With the Sharks second round tilt with the Predators set to get going tomorrow night, we take a look at how the teams' offense matches up. We'll have a post up on special teams play within the next 24 hours, so let's keep this offensive analysis to even strength play.

Nashville scored 142 even strength goals during the regular season, just five fewer than San Jose, but that's not from a lack of trying. The Predators finished fourth in the NHL with a FF60 (fenwick for per 60 minutes) of 41.5. That mark bests San Jose's 12th ranked 40.2, but admittedly isn't the best source for evaluating offense.

Scoring chances help tell part of the story, but high-danger scoring chances (HDSC) gets us even closer to a team's expected offensive output. Over the course of the regular season, nobody created HDSC at even strength like the Sharks. San Jose averaged 12 per 60 minutes of even strength time, while Nashville's impressive FF60 only got them to 19th in HDSC with a mark of 10.5.

James Neal (24 goals, 13 assists), Filip Forsberg (21 goals, 13 assists) and Craig Smith (20 goals, 13 assists) top Nashville in even strength goals. Neal generally plays on the first line with Calle Jarnkrok and Ryan Johansen while both Forsberg and Smith spend time on the second line with Mike Ribeiro. Once you drop past those top two lines, Nashville's scoring dwindles. While much has been made of the Sharks' Joe Thornton line carrying the team, San Jose might have the edge in terms of depth scoring in this series.

In terms of possession play, Nashville certainly holds the edge, albeit a slight one. The Predators finished second in the NHL in FF% at 53.7 while the Sharks managed a mark of 53.1. Not a lot to separate these teams on that basis, but it's interesting to note who the Predators relied on to drive possession.

While the Neal line is listed as the top unit, this chart from shows the Predators lean on the second line of Ribeiro-Forsberg-Smith to drive their possession. It'll be interesting to see how Sharks head coach Peter DeBoer dictates matchups in this series. Will he let the Thornton line run rampant against a weaker first line for Nashville? Or will he play his best against Nashville's best line?

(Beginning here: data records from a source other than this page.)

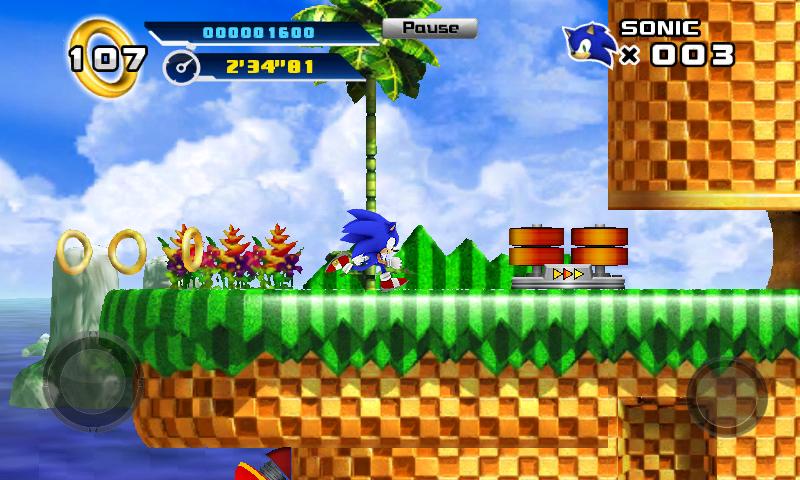 Sonic 4 Episode I and II
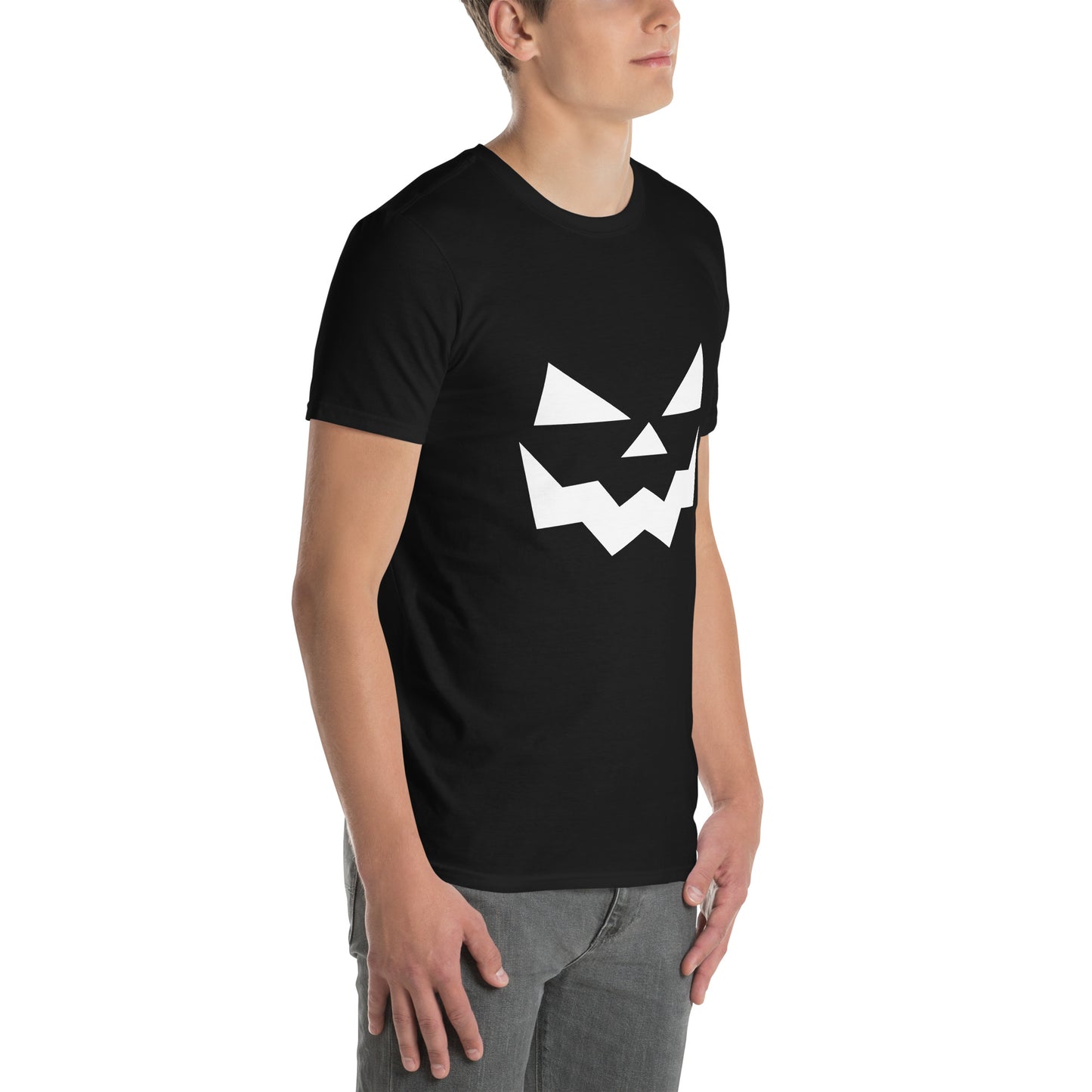 JACK-O-LANTERN SHORT SLEEVE UNISEX TEE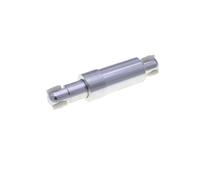 Spring Shock Damper For Electric Scooter Dual Drive High Speed Off-Road 125mm 750lb Aluminum Shell White Small Shock Absorber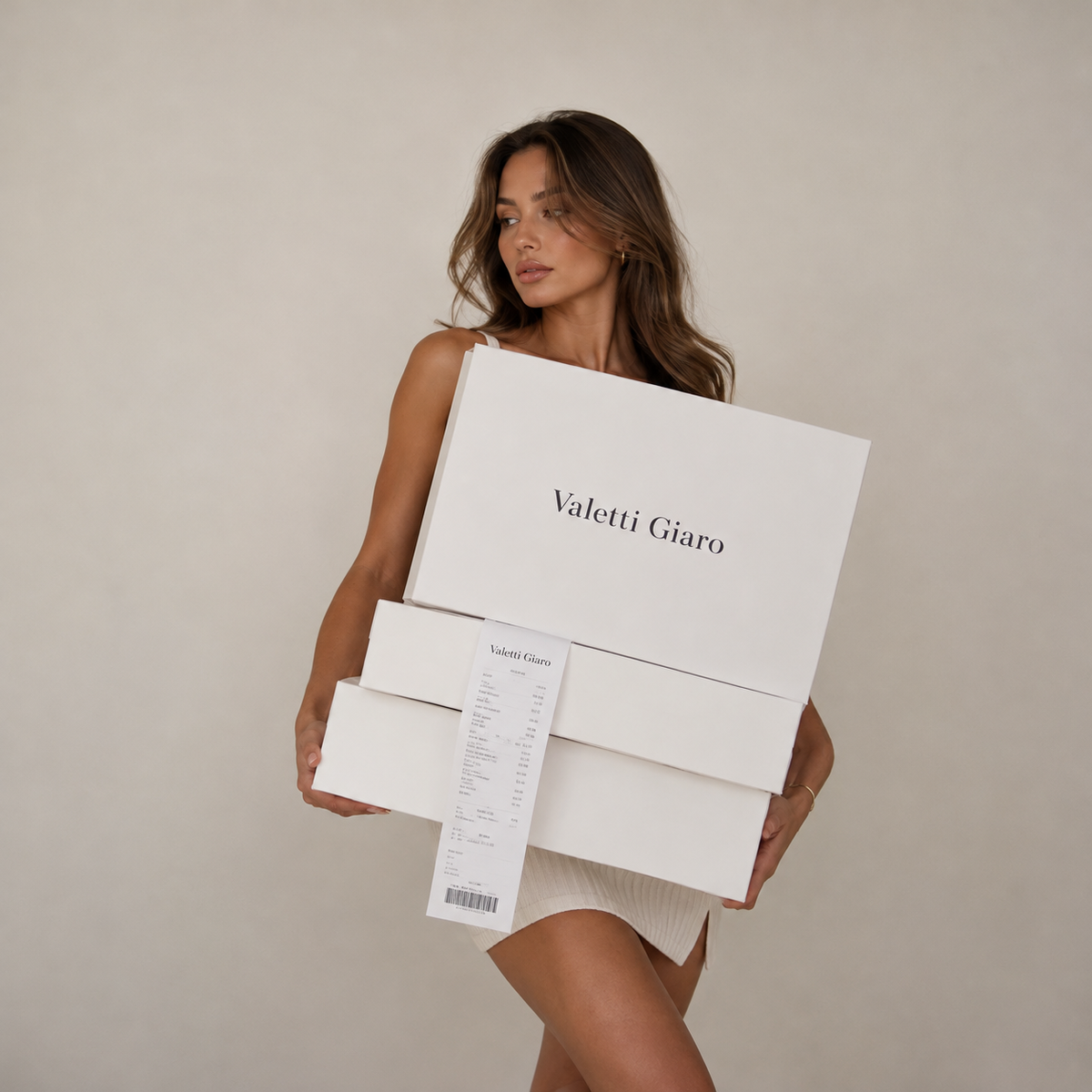 Editorial fashion photograph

Other standouts (that are still on the team — sorry Seth Jones) include Shea Weber and Roman Josi. Both contribute to a high volume style of play, similar to any time Brent Burns touches the ice. Mike Fisher and Viktor Arvidsson, who play on Nashville's third line, also stand out as positive possession drivers.

Looking just at the last 25 games, the chart from below shows every team in the league's shots for and against.

From this chart you can see the Sharks hold a distinct advantage in limiting the opposition's shots, while the teams' shot generation is about even. That's probably a fair conclusion — both teams have good, not great, offenses and it's more likely special teams and defense will be the deciding marks in this series.